Even if you don’t find exactly what you are looking for, this site is a real gem to scroll through, acting as something of a digital time machine. While the photos are free of copyrights, it’s still best to read through the rights and usage page before applying them to a large scale project.
Refe is a true diamond in the rough: This Tumblr driven site is comprised of photos taken only on mobile devices. And thanks to advanced mobile technology, none of the quality is compromised. There is a wide array of subject matters to choose from on Refe including nature shots, technology, urban environments and so much more.

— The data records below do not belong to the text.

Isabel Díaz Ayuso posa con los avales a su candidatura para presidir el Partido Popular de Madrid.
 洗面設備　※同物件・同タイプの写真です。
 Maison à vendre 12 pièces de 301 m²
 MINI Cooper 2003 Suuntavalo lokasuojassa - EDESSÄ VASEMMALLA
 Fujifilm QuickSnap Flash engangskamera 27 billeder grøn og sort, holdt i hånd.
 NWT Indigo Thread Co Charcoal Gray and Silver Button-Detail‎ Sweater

Navigation of Refe is super simple too; all users need to do is browse for the right photo and click the “download” link below the desired image. Refe also provides brief descriptions to help identify locations, fun facts and other things to help give a frame of reference.
Since these photos are captured on mobile devices, Refe provides an authenticity to its photos that is difficult to duplicate otherwise.
There are tons of amazing stock photo resources available online that won’t empty your bank account. It’s all about having a good eye and a willingness to seek out innovation.
What is your favorite stock photography site? What other unique stock sites do you know of that weren’t mentioned here?